§ RECORDS PROVIDED
──────

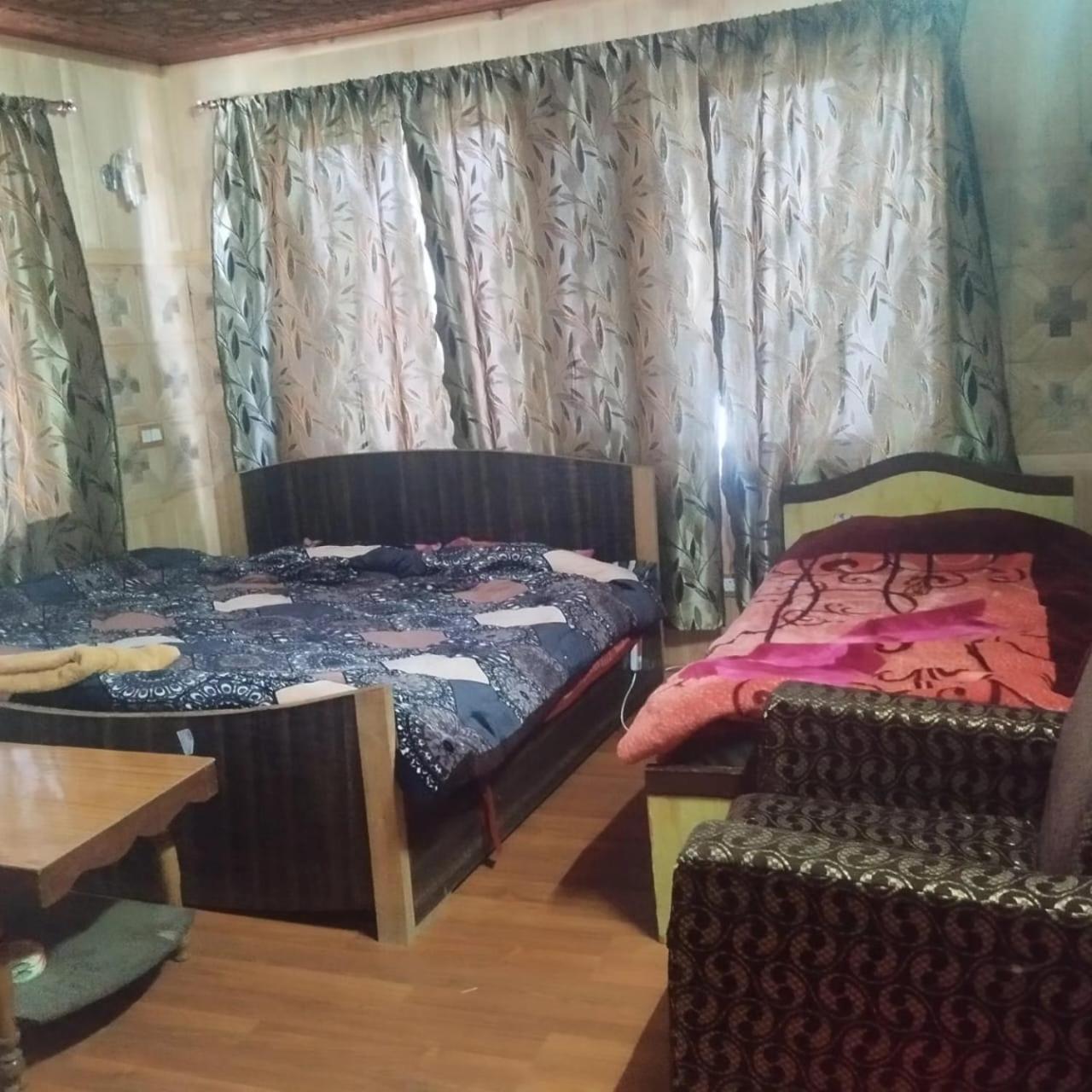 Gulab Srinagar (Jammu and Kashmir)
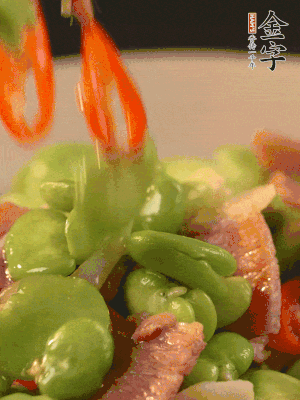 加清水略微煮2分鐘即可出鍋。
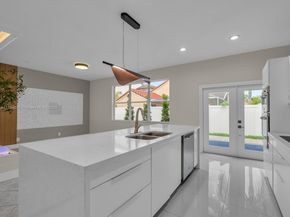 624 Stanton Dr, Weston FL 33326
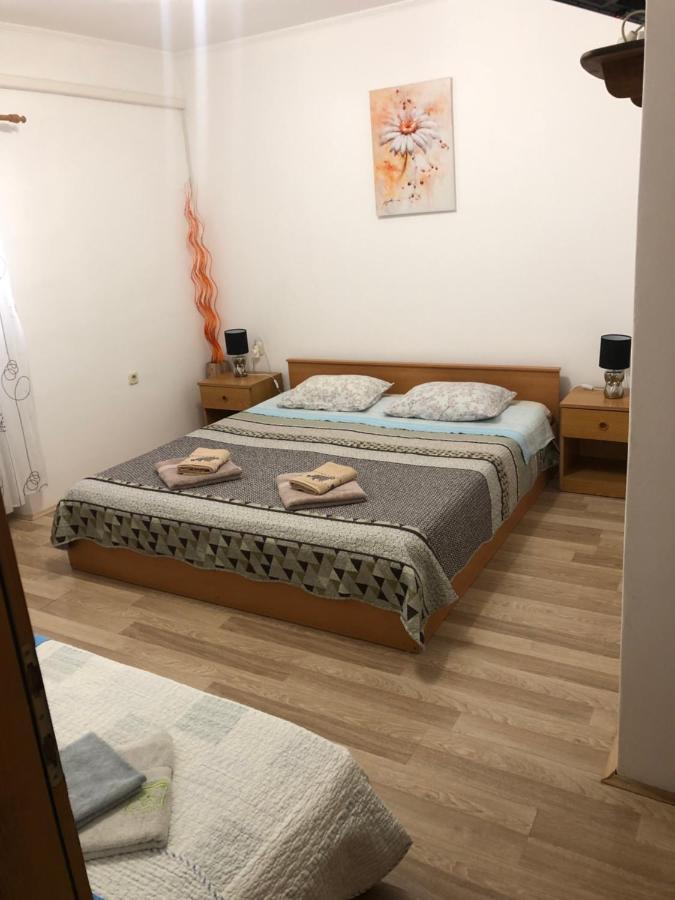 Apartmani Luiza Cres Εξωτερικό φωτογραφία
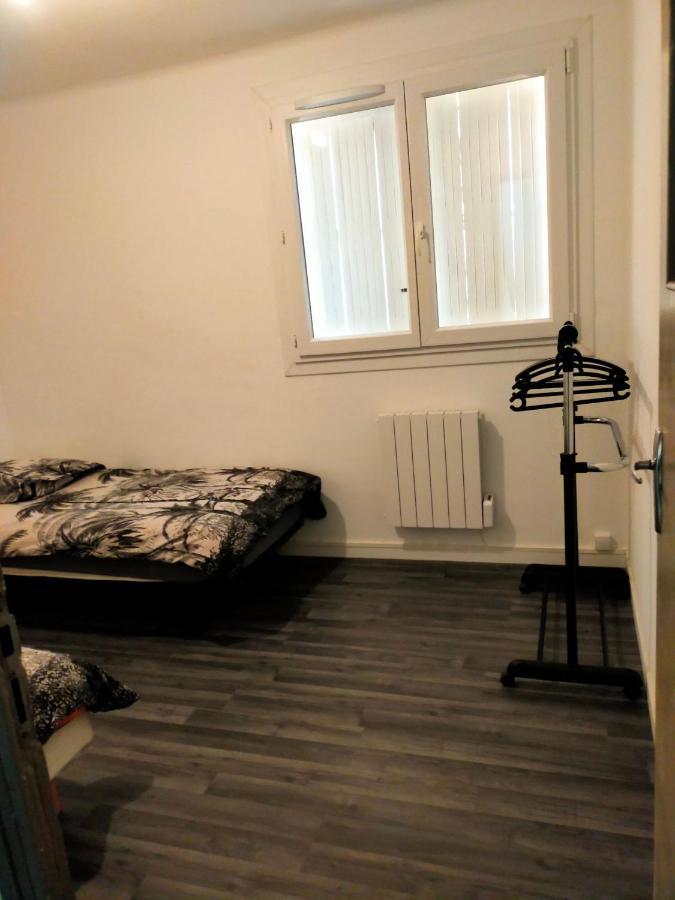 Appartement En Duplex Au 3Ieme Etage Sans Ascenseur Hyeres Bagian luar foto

──────

§ WHAT THE TASK ASKS
Output an exact copy of the material, with the pictures removed.

§ RESPONSE TO THIS EXERCISE
 Gulab Srinagar (Jammu and Kashmir)
 加清水略微煮2分鐘即可出鍋。
 624 Stanton Dr, Weston FL 33326
 Apartmani Luiza Cres Εξωτερικό φωτογραφία
 Appartement En Duplex Au 3Ieme Etage Sans Ascenseur Hyeres Bagian luar foto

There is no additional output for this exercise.